The debate, if we can call it that, was rekindled last week, after the Federal Court of Appeal affirmed a lower court’s ruling striking down a government policy (though it is not law) banning face coverings at citizenshi­p ceremonies. The Conservati­ves seized the opportunit­y to drive this wellworn political wedge in deeper, vowing to take the case to the Supreme Court of Canada and pledging to introduce a legislated ban within 100 days of re-election.

That prompted the other parties to declare (or re-declare) their positions on the issue. Liberal Leader Justin Trudeau, to his credit, straightfo­rwardly reaffirmed his party’s support of the court’s decision, saying, “we will be looking at ensuring that Canadians’ rights are respected right across the country.” The Bloc Québécois, trailing badly in the polls and desperate for an opening, lunged hard in the other direction, releasing a 20-second ad showing a great black gob of oil dropping from a pipeline and morphing into a niqab (no, we don’t get the connection either, but presumably viewers were supposed to be equally repelled by both). Bloc Leader Gilles Duceppe went so far as to demand the notwithsta­nding clause be invoked to deal with the apparent national emergency presented by a few dozen women covering their faces at citizenshi­p ceremonies.

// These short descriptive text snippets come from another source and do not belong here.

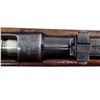 Image 14 : YUGOSLAV KRAGUJAVAC | Model: 56 | Caliber: .22 LR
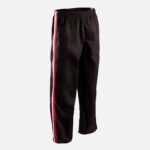 STYLE 218 TEAM PANT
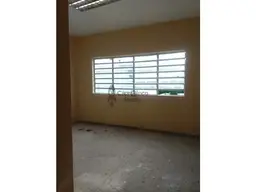 View 17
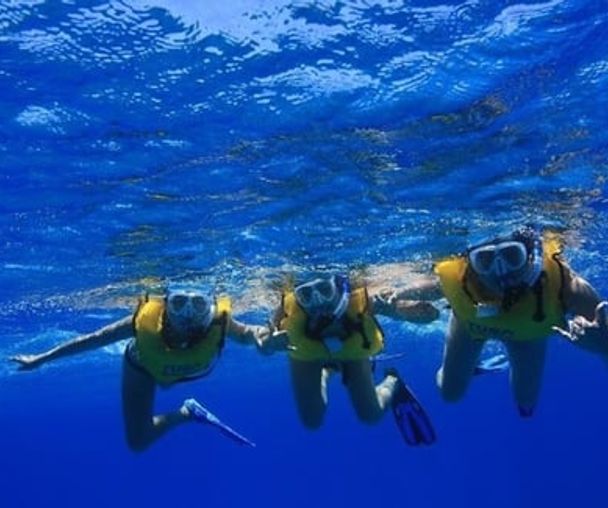 activity_detail_image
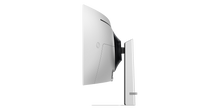 Samsung Odyssey S49DG910SN 49″ DQHD 144Hz OLED — 8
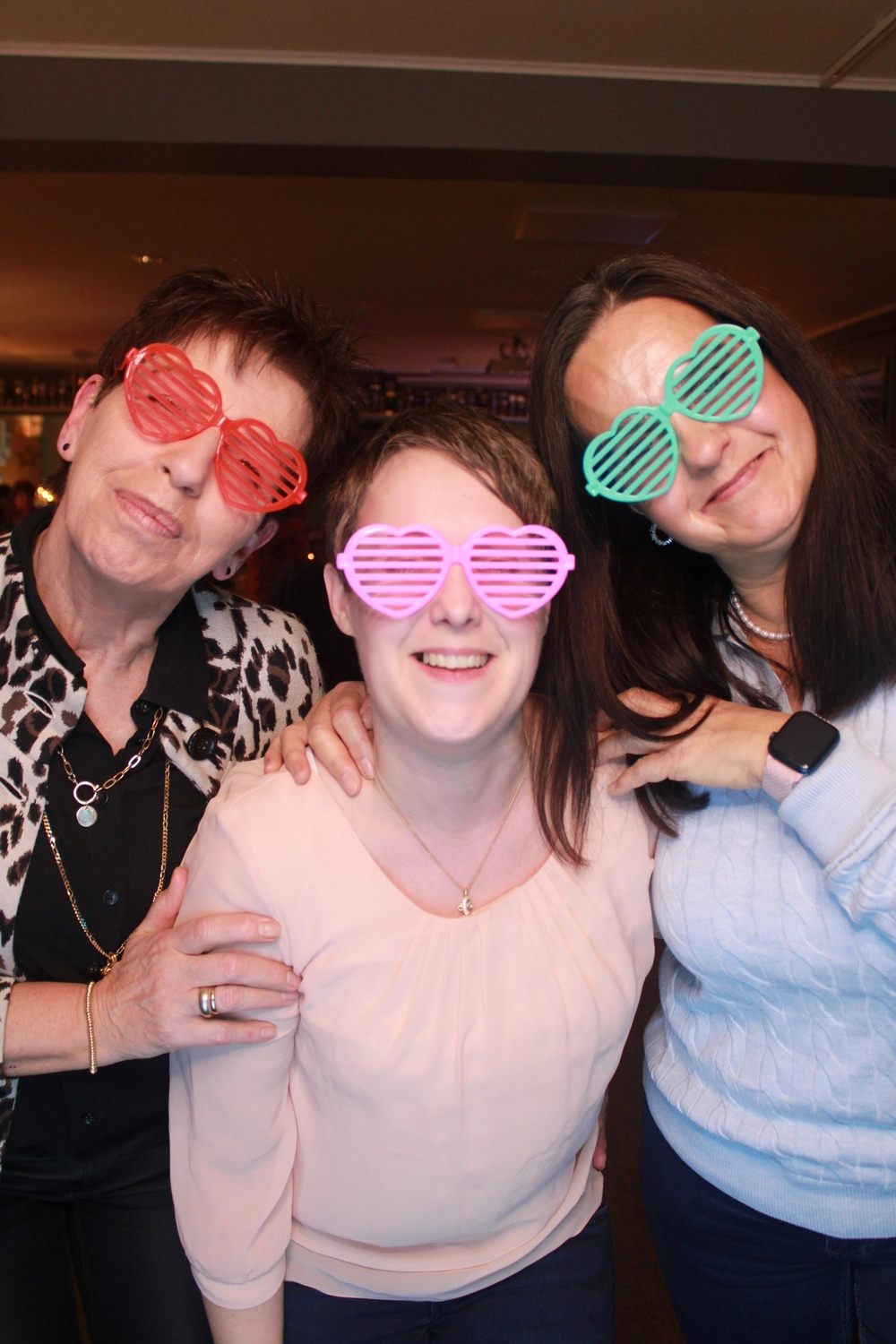 Fotobox Eichsfeld, Fotospiegel Eichsfeld, EIC Mirrow Moments, Wehnde, Magic Mirror Fotospiegel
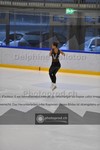 ref. photo 3923420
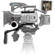 Shape Baseplate: Picture 3 thumbnail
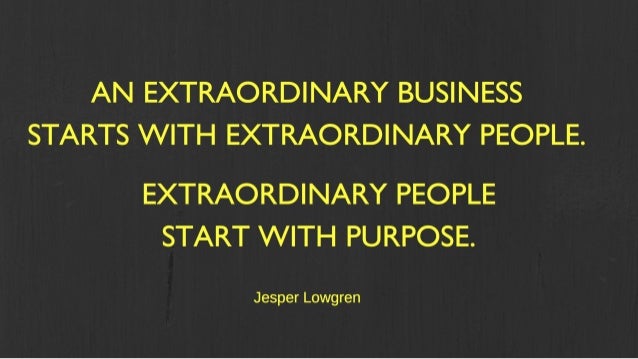 60 New Quotes On Business Purpose Fascinating Purpose Quotes 60 New Quotes On Business Purpose Fascinating Purpose Quotes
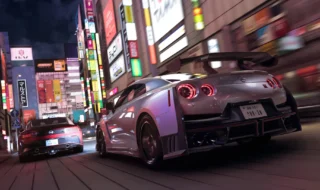 Forza Horizon 6 ya se puede probar… y hay algo que no cambia (para bien y para mal)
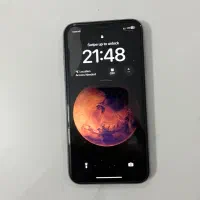 اپل iPhone 11 با حافظهٔ ۱۲۸ گیگابایت|موبایل|اراک, |دیوار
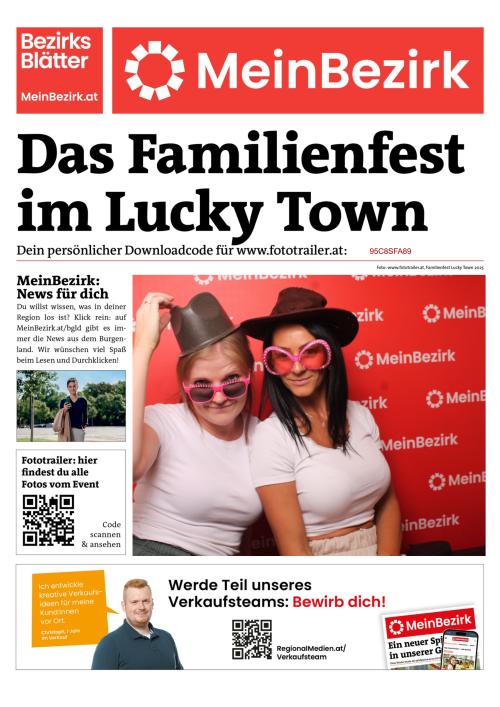 95C8SFA89BZN_20250829145758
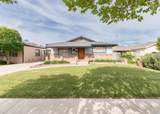551 Auburn - Photo 4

NDP Leader Tom Mulcair, meanwhile, seemed caught in the middle: not wanting to alienate the party’s support in Quebec and facing divisions within his caucus, he defended the court’s decision but noted that “anyone seeking citizenshi­p must uncover their face to identify themselves before swearing the oath.” Which is of course the status quo — as a matter of current practice, women wearing the niqab must show their face in private to a female citizenshi­p officer just before the ceremony — and which highlights just how bogus this issue really is.

A little perspectiv­e, please. Of Canada’s Muslim population (just 3.2 per cent of the total, according to the 2011 census), only a tiny minority of women opt to wear the niqab in everyday life. By law, these women are permitted to cover their faces while engaging in nearly all activities, except where legitimate issues of identifica­tion or security come into play, such as posing for a driver’s licence photo, going through security at an airport, testifying (in some cases) in court — or becoming a citizen. No one seriously contests the need for these exceptions, just as no one should seriously question the broader rule, embodied in the Charter of Rights and Freedoms, that individual­s and groups have a right to conduct themselves as they see fit, even in ways that others might find inappropri­ate or objectiona­ble, so long as they do no actual harm to anyone. It is up to the state, always, to show why freedom should be limited, not the individual to show why he should be free. Which is why the government’s case failed.

Demagoguin­g an issue in a close election campaign is all very well, but not when it comes at the expense of an often-targeted and easily exploited religious minority. There are so many other, larger issues the parties could and should be debating. That instead they have devoted so much time to discussing whether a woman may remove her veil before taking the oath, or whether she must also take it off while reciting it, should shame them all.